My solution : Consider $p$ is a prime number such that $p \mid t+1$ and define $\alpha = v_p (t+1)$. Define $k=\alpha ! \phi(p^{\alpha+1}) $ Define $n= (t(t+1)+1)^k$ now $n^a+t \equiv t+1 (mod p^{\alpha +1})$ so $p^\alpha \mid \mid n^a+t$ so if $n^a+t= b^m $ then $m \leq \alpha$ now we know that $n^a =( (t(t+1)+1)^{\frac{ak}{m}})^m$ because $m \mid \alpha ! \mid k$ . now use this trivial lemma : $(x+1)^k-x^k \geq 2x+1 $ $(k \geq 2 , k,x \in \mathbb{N})$

Two other solutions are attached .The first one is like goldeneagle's solution and the second one has Arefs's solution as a part of itself. They are in Persian(Farsi).

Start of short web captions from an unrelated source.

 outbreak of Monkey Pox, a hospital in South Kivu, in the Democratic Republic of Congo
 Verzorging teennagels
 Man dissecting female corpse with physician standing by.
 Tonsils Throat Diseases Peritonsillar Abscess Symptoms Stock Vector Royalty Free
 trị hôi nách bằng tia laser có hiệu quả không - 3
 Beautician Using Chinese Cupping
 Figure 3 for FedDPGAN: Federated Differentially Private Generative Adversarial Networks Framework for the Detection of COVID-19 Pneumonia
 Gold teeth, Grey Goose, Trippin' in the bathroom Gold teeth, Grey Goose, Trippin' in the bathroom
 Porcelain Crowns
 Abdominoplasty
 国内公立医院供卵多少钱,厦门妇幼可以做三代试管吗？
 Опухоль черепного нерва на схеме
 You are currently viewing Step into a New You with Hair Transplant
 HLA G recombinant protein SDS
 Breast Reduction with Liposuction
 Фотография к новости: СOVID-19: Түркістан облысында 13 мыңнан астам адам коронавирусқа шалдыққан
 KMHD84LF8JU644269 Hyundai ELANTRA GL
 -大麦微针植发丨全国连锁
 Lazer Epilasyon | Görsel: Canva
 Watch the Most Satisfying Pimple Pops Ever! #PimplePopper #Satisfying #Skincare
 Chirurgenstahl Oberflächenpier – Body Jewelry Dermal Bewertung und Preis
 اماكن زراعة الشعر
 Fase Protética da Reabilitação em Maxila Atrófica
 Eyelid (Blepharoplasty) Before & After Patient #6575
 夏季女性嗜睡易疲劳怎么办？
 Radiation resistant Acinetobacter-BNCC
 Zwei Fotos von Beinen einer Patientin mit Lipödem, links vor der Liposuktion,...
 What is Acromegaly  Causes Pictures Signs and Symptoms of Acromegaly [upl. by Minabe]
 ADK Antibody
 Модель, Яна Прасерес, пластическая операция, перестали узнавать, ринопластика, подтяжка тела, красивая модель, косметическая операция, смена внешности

MahyarSefidgaran wrote: Two other solutions are attached .The first one is like goldeneagle's solution and the second one has Arefs's solution as a part of itself. They are in Persian(Farsi). Second solution in English: First case: $t+1$ is not a perfect power. Define $n=t(t+1)^2+1$. Now consider $\exists k \in \mathbb{N} $ such that $n^k+t $ is a perfect power.Define $y=t(t+1)^2$ $(y+1)^k +t=y^k+ky^{k-1}+....+ky+t+1 = (t+1)(b(t+1)+1)$ and now Define$z= b(t+1)+1$ . Now $(z,t+1)=1$ so $t+1$ is perfect power. Contradiction!!! Second case: $t+1$ is a perfect power . Consider $t+1 = m^r $ and $m$ is not perfect power. Define $n_0= t(t+1)^2+1 , n=n_0^r$. Consider $n^k+t = c^d$ so by proof of first case $t+1= l^d$ so $d \mid r$ so $t=c^d - n^k= c^d - n_0 ^{kr} = c^d - n_0^{ksd} = (c-n_0)(c^{d-1}+....n_0^{ks(d-1)}) \geq n_0 > t$ Contradiction!!!!